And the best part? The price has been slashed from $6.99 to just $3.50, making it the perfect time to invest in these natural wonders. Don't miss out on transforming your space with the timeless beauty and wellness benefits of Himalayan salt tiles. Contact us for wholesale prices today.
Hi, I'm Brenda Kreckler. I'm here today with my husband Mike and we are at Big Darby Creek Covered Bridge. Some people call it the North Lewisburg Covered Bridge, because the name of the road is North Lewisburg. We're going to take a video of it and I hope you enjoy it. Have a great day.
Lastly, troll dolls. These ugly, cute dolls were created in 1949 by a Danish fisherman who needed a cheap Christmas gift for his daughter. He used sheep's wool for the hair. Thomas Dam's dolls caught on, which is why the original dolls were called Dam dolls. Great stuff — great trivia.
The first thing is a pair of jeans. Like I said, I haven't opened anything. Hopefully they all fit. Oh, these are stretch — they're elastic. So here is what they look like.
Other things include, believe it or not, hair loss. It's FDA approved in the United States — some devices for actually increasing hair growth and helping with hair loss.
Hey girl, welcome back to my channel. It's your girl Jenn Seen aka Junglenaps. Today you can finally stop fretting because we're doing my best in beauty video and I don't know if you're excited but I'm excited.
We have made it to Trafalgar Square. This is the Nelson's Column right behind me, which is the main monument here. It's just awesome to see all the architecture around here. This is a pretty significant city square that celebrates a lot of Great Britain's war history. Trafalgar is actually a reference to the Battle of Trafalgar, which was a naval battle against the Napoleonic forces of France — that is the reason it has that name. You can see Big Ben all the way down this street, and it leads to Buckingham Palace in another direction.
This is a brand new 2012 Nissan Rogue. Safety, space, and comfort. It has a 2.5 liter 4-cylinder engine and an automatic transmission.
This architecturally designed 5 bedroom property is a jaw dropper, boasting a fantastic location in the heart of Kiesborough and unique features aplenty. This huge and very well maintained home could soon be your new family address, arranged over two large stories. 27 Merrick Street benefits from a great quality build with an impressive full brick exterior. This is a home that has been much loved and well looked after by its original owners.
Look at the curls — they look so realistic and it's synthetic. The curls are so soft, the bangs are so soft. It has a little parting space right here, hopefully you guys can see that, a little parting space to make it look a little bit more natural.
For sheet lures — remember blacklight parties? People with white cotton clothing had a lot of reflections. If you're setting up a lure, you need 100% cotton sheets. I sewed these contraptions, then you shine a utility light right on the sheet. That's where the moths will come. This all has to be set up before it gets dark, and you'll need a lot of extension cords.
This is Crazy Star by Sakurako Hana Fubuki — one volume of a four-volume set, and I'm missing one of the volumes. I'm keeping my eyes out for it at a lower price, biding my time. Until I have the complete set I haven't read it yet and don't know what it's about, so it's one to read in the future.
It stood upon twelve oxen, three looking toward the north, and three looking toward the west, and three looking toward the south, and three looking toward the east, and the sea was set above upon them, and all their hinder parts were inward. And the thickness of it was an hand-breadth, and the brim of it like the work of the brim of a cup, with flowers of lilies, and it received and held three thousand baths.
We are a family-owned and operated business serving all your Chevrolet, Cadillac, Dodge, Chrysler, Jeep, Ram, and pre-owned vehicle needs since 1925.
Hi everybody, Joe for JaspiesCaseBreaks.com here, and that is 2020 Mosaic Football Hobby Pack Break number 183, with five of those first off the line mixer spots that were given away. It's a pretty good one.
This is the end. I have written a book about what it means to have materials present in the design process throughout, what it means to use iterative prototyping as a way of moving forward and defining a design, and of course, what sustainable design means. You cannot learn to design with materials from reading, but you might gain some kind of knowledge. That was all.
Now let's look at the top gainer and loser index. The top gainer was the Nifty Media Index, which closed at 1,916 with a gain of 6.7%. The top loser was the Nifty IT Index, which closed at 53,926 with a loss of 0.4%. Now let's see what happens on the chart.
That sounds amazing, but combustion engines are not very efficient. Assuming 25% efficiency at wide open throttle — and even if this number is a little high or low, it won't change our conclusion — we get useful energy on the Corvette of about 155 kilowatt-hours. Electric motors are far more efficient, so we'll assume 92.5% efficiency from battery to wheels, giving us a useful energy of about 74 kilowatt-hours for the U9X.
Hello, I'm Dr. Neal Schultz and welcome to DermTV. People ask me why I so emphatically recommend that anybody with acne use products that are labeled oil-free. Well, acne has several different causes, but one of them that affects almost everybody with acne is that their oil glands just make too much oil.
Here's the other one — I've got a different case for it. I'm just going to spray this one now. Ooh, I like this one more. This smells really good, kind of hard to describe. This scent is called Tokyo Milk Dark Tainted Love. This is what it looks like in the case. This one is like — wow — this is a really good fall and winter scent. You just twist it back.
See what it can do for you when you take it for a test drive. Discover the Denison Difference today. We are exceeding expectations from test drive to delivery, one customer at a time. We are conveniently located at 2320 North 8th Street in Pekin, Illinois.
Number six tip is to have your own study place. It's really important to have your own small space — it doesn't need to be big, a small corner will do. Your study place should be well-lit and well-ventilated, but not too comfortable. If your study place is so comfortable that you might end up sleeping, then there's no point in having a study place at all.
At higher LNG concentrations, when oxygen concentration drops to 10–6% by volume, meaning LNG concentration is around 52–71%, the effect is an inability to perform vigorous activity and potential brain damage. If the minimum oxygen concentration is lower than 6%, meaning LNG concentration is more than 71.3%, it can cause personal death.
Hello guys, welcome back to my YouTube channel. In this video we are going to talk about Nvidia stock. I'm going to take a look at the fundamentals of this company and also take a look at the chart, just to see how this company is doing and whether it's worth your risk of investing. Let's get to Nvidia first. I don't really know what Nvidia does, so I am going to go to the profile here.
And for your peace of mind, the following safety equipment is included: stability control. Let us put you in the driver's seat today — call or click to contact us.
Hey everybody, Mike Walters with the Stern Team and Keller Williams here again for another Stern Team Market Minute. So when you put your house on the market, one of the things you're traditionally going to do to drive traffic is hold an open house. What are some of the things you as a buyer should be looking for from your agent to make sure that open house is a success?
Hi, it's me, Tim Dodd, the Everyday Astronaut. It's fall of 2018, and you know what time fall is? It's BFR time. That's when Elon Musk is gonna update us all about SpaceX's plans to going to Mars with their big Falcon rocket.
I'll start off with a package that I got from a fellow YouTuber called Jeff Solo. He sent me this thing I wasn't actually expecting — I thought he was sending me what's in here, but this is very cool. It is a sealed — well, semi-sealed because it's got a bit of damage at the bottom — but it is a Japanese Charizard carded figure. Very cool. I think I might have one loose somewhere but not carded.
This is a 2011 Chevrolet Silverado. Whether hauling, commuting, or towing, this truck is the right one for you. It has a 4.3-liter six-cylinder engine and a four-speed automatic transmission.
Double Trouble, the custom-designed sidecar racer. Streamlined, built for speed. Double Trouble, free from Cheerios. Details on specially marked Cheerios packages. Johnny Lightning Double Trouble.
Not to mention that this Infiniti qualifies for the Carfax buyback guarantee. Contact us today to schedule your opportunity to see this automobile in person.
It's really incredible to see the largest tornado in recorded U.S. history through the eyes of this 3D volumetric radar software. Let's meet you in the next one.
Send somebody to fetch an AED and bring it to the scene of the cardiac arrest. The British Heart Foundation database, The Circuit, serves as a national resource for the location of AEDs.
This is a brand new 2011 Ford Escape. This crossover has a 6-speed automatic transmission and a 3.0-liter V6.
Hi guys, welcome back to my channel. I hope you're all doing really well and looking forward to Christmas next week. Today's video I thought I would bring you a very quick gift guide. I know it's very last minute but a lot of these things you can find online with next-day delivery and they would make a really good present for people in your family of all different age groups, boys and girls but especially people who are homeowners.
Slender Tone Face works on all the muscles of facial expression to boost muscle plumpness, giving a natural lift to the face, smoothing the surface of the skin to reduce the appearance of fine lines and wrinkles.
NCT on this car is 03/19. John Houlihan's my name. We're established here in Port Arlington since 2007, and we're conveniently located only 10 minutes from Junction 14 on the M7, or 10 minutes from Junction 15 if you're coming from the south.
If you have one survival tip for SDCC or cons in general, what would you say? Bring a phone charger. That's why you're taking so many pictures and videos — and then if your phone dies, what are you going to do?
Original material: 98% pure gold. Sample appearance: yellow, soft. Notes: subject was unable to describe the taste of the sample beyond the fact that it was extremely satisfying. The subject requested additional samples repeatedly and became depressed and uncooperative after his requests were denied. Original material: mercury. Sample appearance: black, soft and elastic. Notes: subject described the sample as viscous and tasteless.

===

* [Problem description]: The first line of the entries, the line with "Hi, I'm Brenda", and every line between them should be retyped exactly, and nothing else.

* [Task output]:
And the best part? The price has been slashed from $6.99 to just $3.50, making it the perfect time to invest in these natural wonders. Don't miss out on transforming your space with the timeless beauty and wellness benefits of Himalayan salt tiles. Contact us for wholesale prices today.
Hi, I'm Brenda Kreckler. I'm here today with my husband Mike and we are at Big Darby Creek Covered Bridge. Some people call it the North Lewisburg Covered Bridge, because the name of the road is North Lewisburg. We're going to take a video of it and I hope you enjoy it. Have a great day.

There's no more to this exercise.